[whatwg] accessibility management for timed media elements, proposal

Sun Jun 10 04:05:55 PDT 2007

Dave Singer wrote:

> At 16:35  +0100 9/06/07, Benjamin Hawkes-Lewis wrote:

[snip]

>> The proposal does not describe how conflicts such as the following
>>  would be resolved:
>> 
>> User specifies:
>> 
>> captions: want high-contrast-video: want
>> 
>> Author codes:
>> 
>> <video ... > <source media="all and (captions:
>> want;high-contrast-video: dont-want)" ... /> <source media="all and
>> (captions: dont-want;high-contrast-video: want)" ... /> </video>
> 
> There is no suitable source here;  it's best to have something (late)
> in the list which is less restrictive.

But if UAs can apply accessibility preferences to a catch-all <source>
listed last, then what's the advantage of creating multiple <source>
elements in the first place? Current container formats can
include captions and audio descriptions. So is the problem we're trying
to solve that container formats don't contain provision for alternate
visual versions (high contrast and not high contrast)? Or are we trying 
to cut down on bandwidth wastage by providing videos containing only the 
information the end-user wants?

>> a) I should think sign-language interpretation needs to be in
>> there.
>> 
>> sign-interpretation: want | dont-want | either (default: want)
>> 
>> Unless we want to treat sign interpretation as a special form of 
>> subtitling. How is subtitling in various languages to be handled?
> 
> I think we assume that a language attribute can also be specified, as
>  today.

The lang attribute specifies "the primary language for the element's 
contents and for any of the element's attributes that contain text", not 
the referenced resource. hreflang "gives the language of the linked 
resource" as a single "valid RFC 3066 language code." So we'd need a new 
attribute or to change the content model of hreflang to explicitly 
specify the separate multiple languages of a resource.

http://www.whatwg.org/specs/web-apps/current-work/multipage/section-global.html#the-lang

http://www.whatwg.org/specs/web-apps/current-work/multipage/section-links.html#hreflang3

I note in passing that these attributes should be updated to use RFC 
4646 not RFC 3066 as per:

http://www.w3.org/TR/i18n-html-tech-lang/#ri20030112.224623362

> I have to confess I saw the BBC story about sign-language soon after
> sending this round internally.  But I need to do some study on the 
> naming of sign languages and whether they have ISO codes.  Is it true
> that if I say that the human language is ISO 639-2 code XXX, and
> that it's signed, there is only one choice for what the sign language
> is (I don't think so -- isn't american sign language different from
> british)? Alternatively, are there ISO or IETF codes for sign
> languages themselves?

Brian Campbell has eloquently answered some of these questions.

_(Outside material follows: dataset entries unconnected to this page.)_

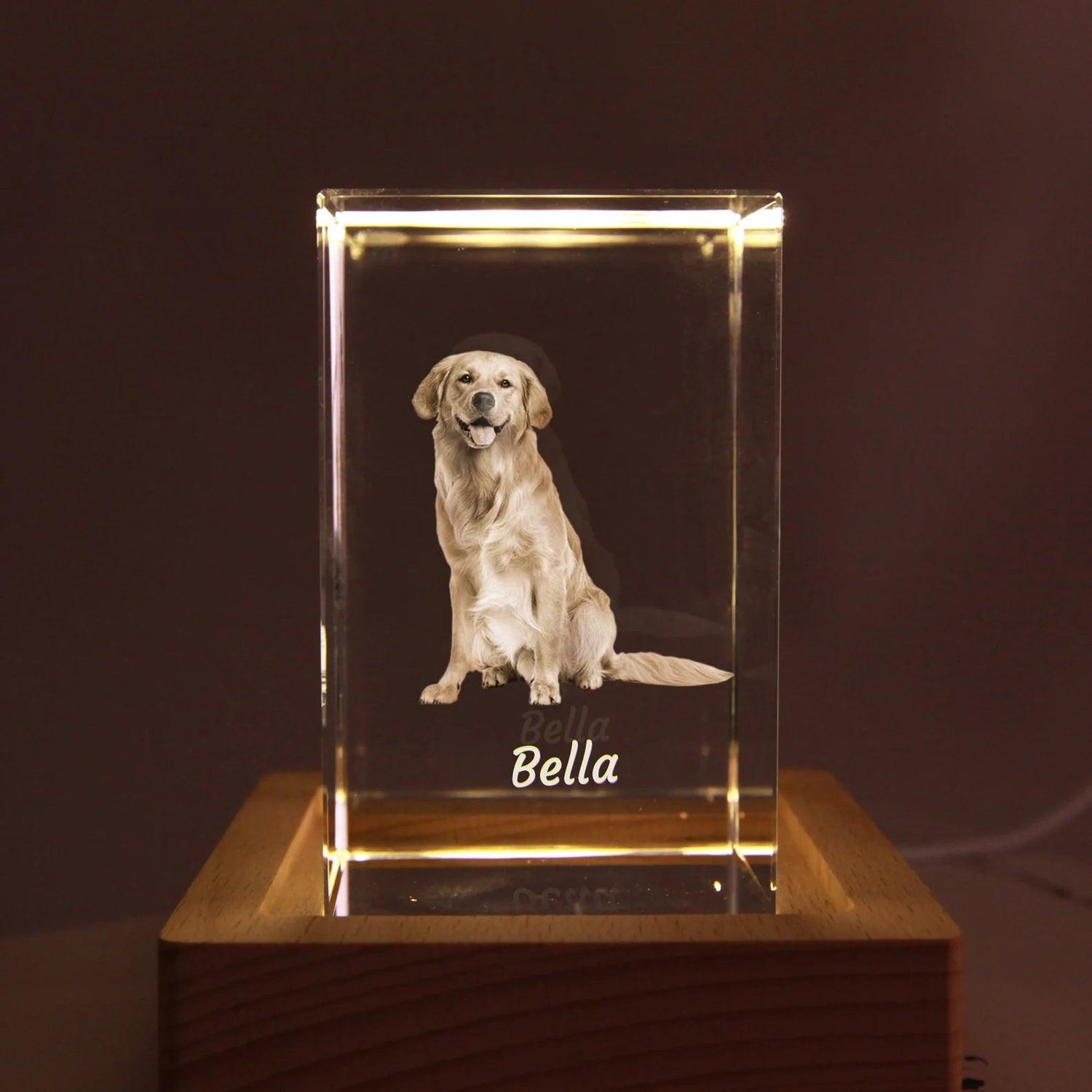 Custom Pet Crystal Carving | Personalised 3D Pet Crystal Keepsake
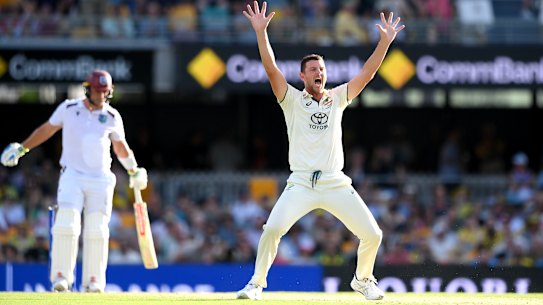 Australian quick Josh Hazlewood appeals on day one of the Gabba Test.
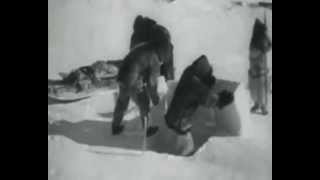 &quot;One of us cannot be wrong&quot;, Leonard Cohen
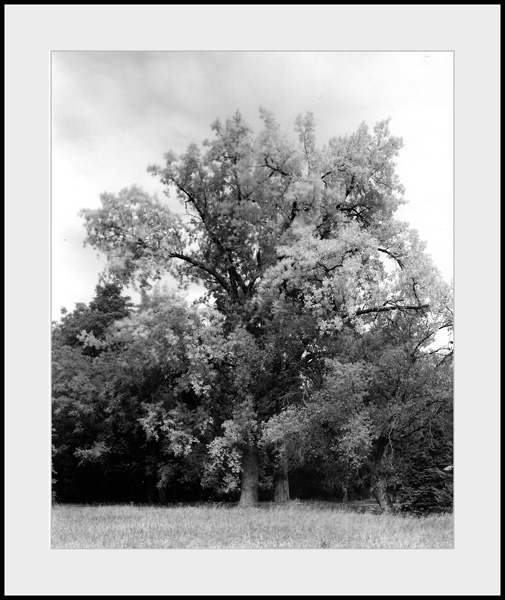 Two Cottonwood Trees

The reason I was thinking of using a CSS property was that signed 
interpretation is not the same as signing featured in the original 
video. But it's true that information about what sign languages are 
available is important, so a CSS property alone wouldn't solve the 
problem. Maybe we need new attributes to crack this nut:

<source contentlangs="en,sgn-en" captionlangs="sgn-en-sgnw,fr,de,it,sgn" 
dubbinglangs="fr" subtitlelangs="de,it" 
signedinterpretationlangs="sgn-en,sgn-fr,sgn-de,sgn-it" ...>

This would indicate that the main video content features people talking 
in English and people signing in English; the video is captioned in 
English, French, German, Italian, and their SignWriting analogues 
(American Sign Language in the case of English), dubbed in French, 
subtitled in German and Italian, and provided with signed interpretation 
in American, French, German and Italian Sign Languages.

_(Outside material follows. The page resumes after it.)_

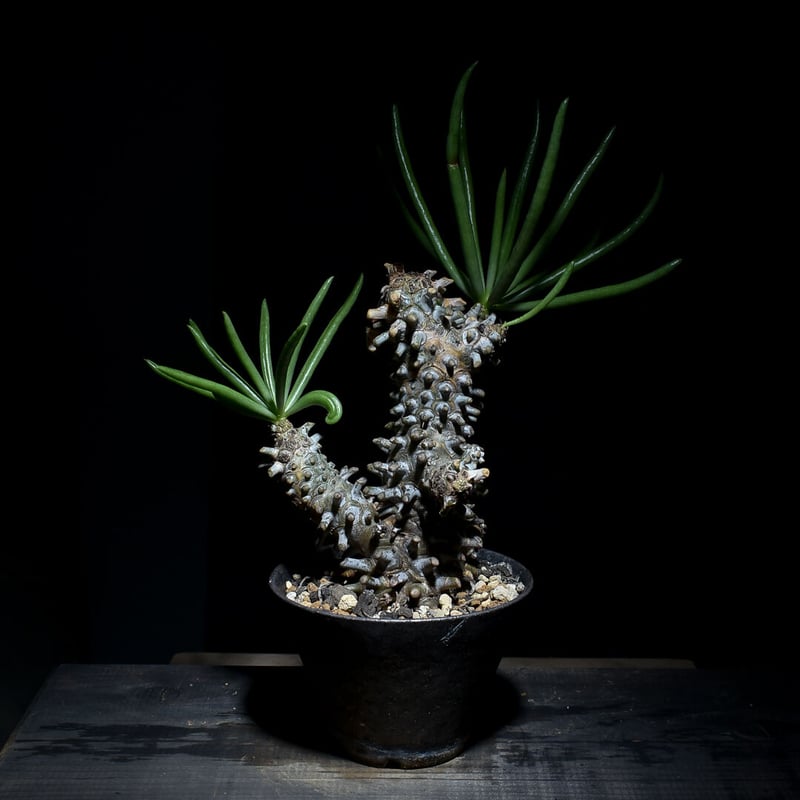 チレコドン ワリチー 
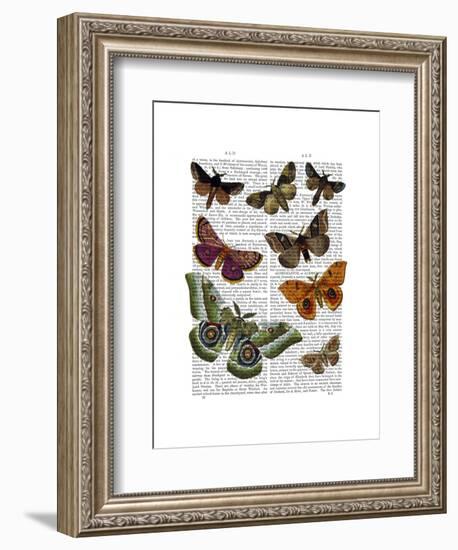 Moth Plate 2-Fab Funky-Framed Art Print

Granted it's a sledgehammer, but it does provide the fine-grained 
linguistic information we need. It would also seemingly remove the need 
for putting a caption media query on <source>. While this markup looks 
complicated, most videos currently on the web could be marked up like:

<source hreflang="en" ...>

as all they provide is a single-language spoken track.

<digression>

I should add a little note about "sgn-en-sgnw". The IANA language tag 
registry includes the following entry:

> Type: script
> Subtag: Sgnw
> Description: SignWriting
> Added: 2006-10-17

http://www.iana.org/assignments/language-subtag-registry

One might want to omit the sgnw subtag on the basis that other sign 
language transliterations are academic not everyday (just as one omits 
the latn subtag for en, fr, and so on). However, those who work on such 
things have yet to come up with an entirely settled formulation. See 
this thread on the IETF languages mailing list:

http://www.alvestrand.no/pipermail/ietf-languages/2006-October/005126.html

Meanwhile, people are already creating SignWriting captions:

http://www.webcitation.org/5PUMLS0mp

</digression>

>> b) Would full descriptive transcriptions (e.g. for the deafblind)
>> fit into this media feature-based scheme or not?
>> 
>> transcription: want | dont-want | either (default: either)
> 
> how are these presented to a deafblind user?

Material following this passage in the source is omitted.